# Lighting



## MarkF (Jul 5, 2003)

Hope this is of help to all of you with those wonderful DIY light boxes, in my opinion considering price (less than a fiver), availabilty and availabilty of light fittings to suit, the best lamps are the PL-L or PL-C which come in sizes ranging from 10W to 55W.

You want colour code 840.

This takes into account the following, you need as high a colour temperature as possible. The range is from 2400 "Warm" like your household bulbs to 6000 which is "Daylight" the above lamps are about 4000, just above "Neutral".

Colour rendering is important too, they range from 20 "Recognisable colours", like car colours under sodium streetlights, to 100 which is "Excellent" like natural colour.

The above lamps have a colour rendering index of over 80, ie Pretty damn good!

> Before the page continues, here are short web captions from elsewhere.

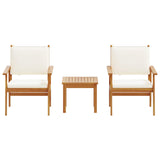 Garden Sofa Set with Cushion 3 pcs Brown Solid Acacia wood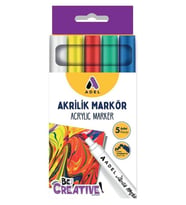 Adel Akrilik Markör Kalem Seti Yuvarlak Uç 5li 2mm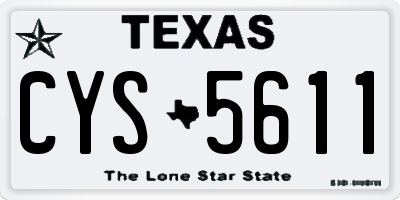 TX license plate CYS5611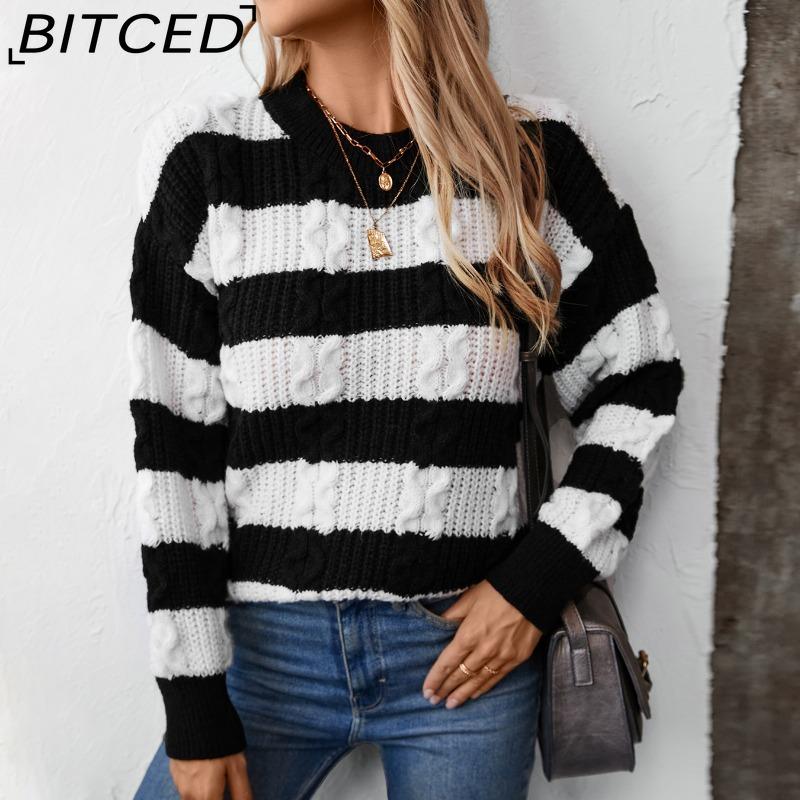 BITCED Striped Sweater for Women - Autumn/Winter Vintage Oversized O-Neck Cable-Knit Top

So their you go, Colour code 840 it is and although colour codes 950, 865 and 965 have much better properties their cost, availability and then finding a suitable fitting for home use just about rule them out for most diy types.

Any other questions about lighting I'll happily do my best to answer apart from "Then why are your pics so crap Mark"









I actually have the first week in October off and am going to get my head round this pic business and make up a cheap, easy to bodge up, foldable "Picbox" (patent applied for).

Cheers


----------



## Stan (Aug 7, 2003)

MarkF,

Nice one, thanks


----------



## Sargon (Feb 24, 2003)

I rather like the IKEA trash basket idea seen on some other fora.


----------



## 036 (Feb 27, 2003)

I got a couple of those fluorescents the other day prior to your useful post, Mark. I have chucked out the pacgaging but the numbers on the bulbs read

FLE23QBX/A/827

Is 827 the colour code, and if so is it any good? I must say I tried a couple of shots using them and the colour balance was way off. Thinking back it may have been because I did not have other tungsten lighting switched off.

I will try a few pics later... the last ones were depressingly bad, my first few goes were better.

Thanks a lot for the info Mark.


----------



## Roy (Feb 23, 2003)

I use no light source what so ever, just take the pictures near to a window.


----------



## MarkF (Jul 5, 2003)

Hi Si,

827, I can't remeber what the 8 stands for but the 27 denote a colour temperature of 2700k, it is poor for what you want. It'll give a warm cosy colour like a household incandesccent bulb. Look for a code that ends in 40 or higher.

Roy, top man, using the best light source of all


----------